The public prosecutor's office has confirmed that the investigation has been underway since summer 2023. Authorities estimate that around 200 third-country nationals may have entered Luxembourg illegally using forged documents and subsequently claimed social benefits.

Minister for Home Affairs Léon Gloden has said he was first made aware of the case in April 2025, though the General Department of Immigration itself is understood to have filed initial reports with the police as early as January 2023. Three employees were dismissed by Gloden in April 2025, following a search of the department's premises; one of the three was remanded in custody.

On Tuesday of last week, the public prosecutor's office announced that further searches had been carried out at the General Department of Immigration, the Ministry of Higher Education, several companies, and private residences as part of the wider probe, prompting Gloden to dismiss two additional staff members that same day.

It is against this backdrop that Reiter was questioned as a suspect on Monday.

The information was confirmed by the Greens MP Meris Sehovic following a meeting of the relevant parliamentary committee: "One piece of information we received is that the director of Immigration was also questioned as a suspect in this affair."

"What we were told this morning is that the first anonymous letter, from January 2023, was addressed to the director, and that it was the director himself who then filed the first complaint," Sehovic said. There were, it appears, two anonymous letters: one addressed to the director at the end of 2022 or the start of 2023, and another in spring last year, 2025.

After the meeting, Interior Minister Léon Gloden clarified: "That one is dated 31 March, sent by a so-called group of journalists, though it wasn't signed, giving an address on Rue d'Arlon. I received it on 1 April. We then reported it to the public prosecutor's office immediately, and a search was carried out straight away."

Asked why he had been alerted by an anonymous letter rather than by his own officials, the minister explained: "We genuinely didn't know either, and this has been clearly stated here by officials too. We still don't fully know the scale of this affair today. It was always assumed that we were a small part of something bigger. That's also what Mr Reiter made clear here: he too had been told that we were a small part of a much larger affair. That's why it didn't particularly surprise me."

Another point Minister Gloden reportedly stressed, according to Sehovic, was "that one of the three state agents charged assumes two of them fall under his responsibility, while for the third he doesn't know whether that person is an agent from his ministry or from another one."

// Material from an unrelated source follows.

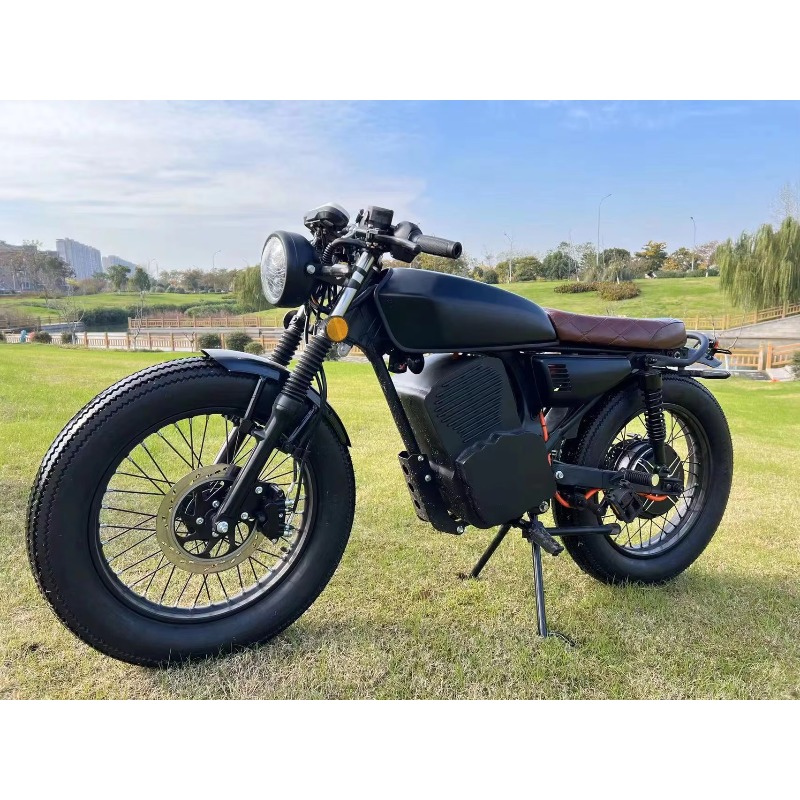 Venda Direta da Fábrica Lvyuan - Electric Scooter Adults avaliação e preço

The Ministry of Higher Education, where searches had also taken place last week, stated on the same day as the prosecutor's announcement that none of its staff had been charged. At that point, the total stood at 25 people charged. Since then, however, three further individuals have been brought before investigating judges and charged. The Ministry of Higher Education confirmed to RTL on Tuesday, upon request, that none of its staff members have been charged.